Canada and Australia are examples of countries that impose departure taxes. The departure tax is based on gains that accrued while the person was a tax resident of the country. In practice, for Australia and Canada, this means that the departure tax is payable only on gains that accrued while the person was living in the country.
The United States imposes an exit tax that is triggered by renouncing U.S. citizenship. In practice, this primarily affects U.S. citizens who are living in other countries. Hence, the United States exit tax is paid primarily on gains accrued when the person was not living in the United States but was living in another country. Before you rush to apply for the U.S. EB-5 program, understand that the United States also imposes exit taxes on green card holders who are long-term residents, meaning that they have been permanent residents for eight of the last 15 years.
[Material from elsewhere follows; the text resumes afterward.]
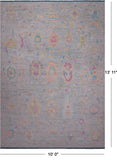 SUPER SALE Silver Turkish Oushak Hand Knotted Wool Rug - 10' 0" X 13' 11"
Point 7: Be aware that departure taxes create the possibility of double taxation
Departure and exit taxes have the potential to subject an individual to double taxation. For example, an asset can be subject to a deemed capital gains tax when one severs tax residency with one country and could later be subject to an actual capital gains tax when the person is a tax resident of another country.
It is becoming increasingly common for tax treaties to provide relief against this kind of double taxation.
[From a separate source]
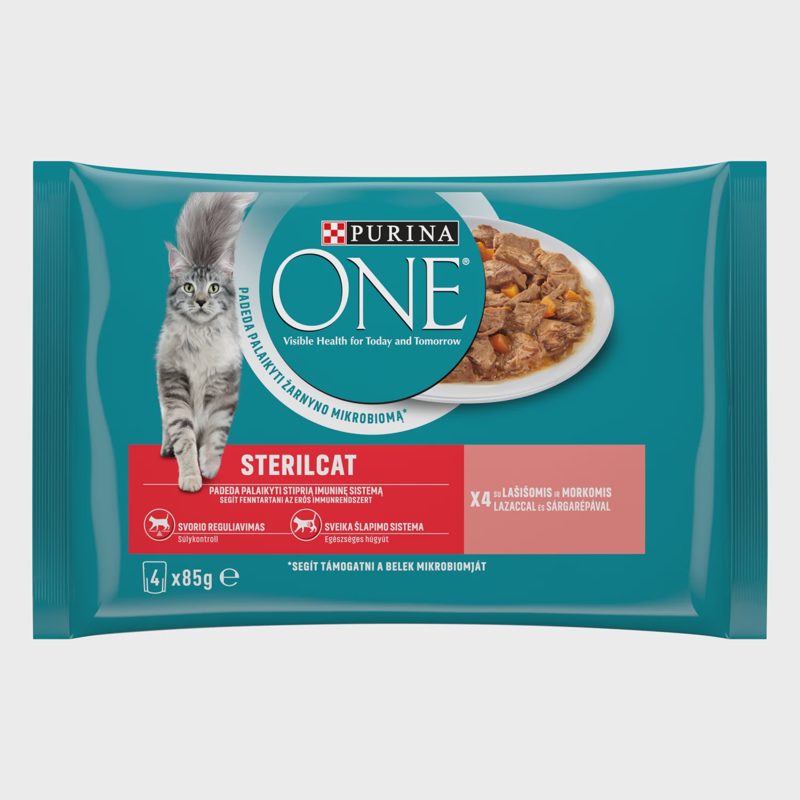 Šlapias ėd. katėms One Sterilcat lašiša 4x85g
Point 8: Investigate how tax treaties might be used to mitigate the impact of exit/departure taxes
This is a complex topic that is addressed by an increasing number of tax treaties. The general principle is that the individual should not be taxed twice on the same gain. Double taxation may be prevented when the individual moves from one country to another country and the two countries have a tax treaty with each other. The treaty may operate so that if the first country imposes a deemed capital gains tax on an asset, the second country would impose a capital gains tax based only on the gain that accrued when the person was a tax resident of the second country. An example of this kind of “departure tax mitigation provision” is in Article VII of the Canada-U.S. tax treaty. As global mobility increases, the number of departure tax mitigation provisions is also sure to increase.
Point 9: Engage in pre-immigration planning
If you acquire tax residency in a new country, your existing assets may become “foreign assets.” How will those assets be taxed by the new country? Many people move to a new country and leave assets (financial and other) in the old country. From the perspective of the new country, any assets retained in the old country will be considered foreign. Many countries, the United States in particular, impose punitive reporting and taxation on foreign assets. This comes as a surprise to a great many people.
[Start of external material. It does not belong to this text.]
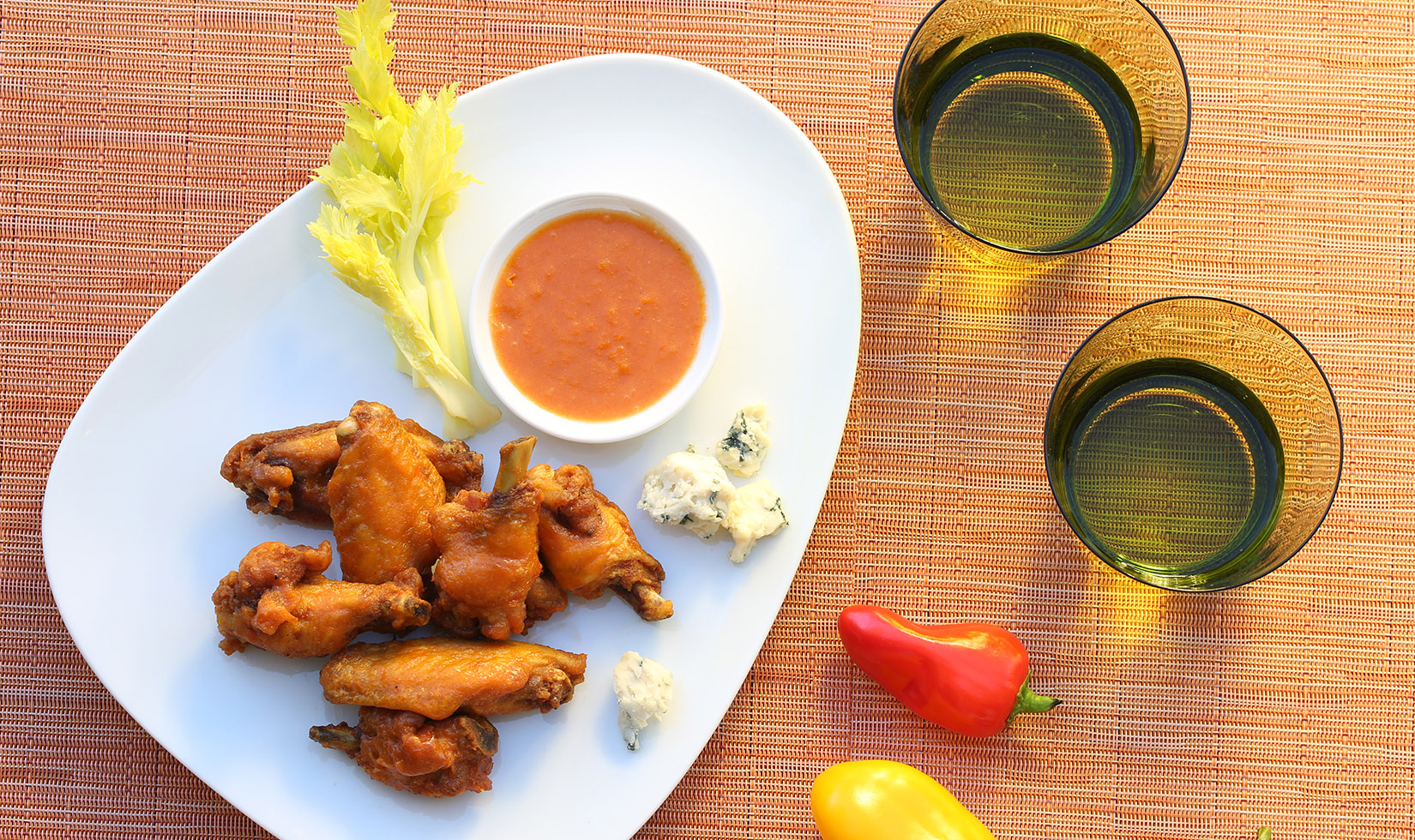 chicken wings with chardonnay wine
Point 10: Understand your life as a new tax resident
What are the reporting requirements that may exist? Few people move to a new country and sever all ties with their previous home country. Often, they will retain bank and brokerage accounts. They may retain pensions and may have trusts. Some people own shares in small business corporations. You must investigate what reporting requirements may exist. The United States and Canada are examples of countries that have strict penalty-laden rules that require one to report all foreign assets.
To be forewarned is to be forearmed
In a world of global mobility, you are advised to invest in sound tax advice before your move while you are living in your new country and when you decide to move from that new country. It’s not what good advice will cost you; It’s what good advice will save you.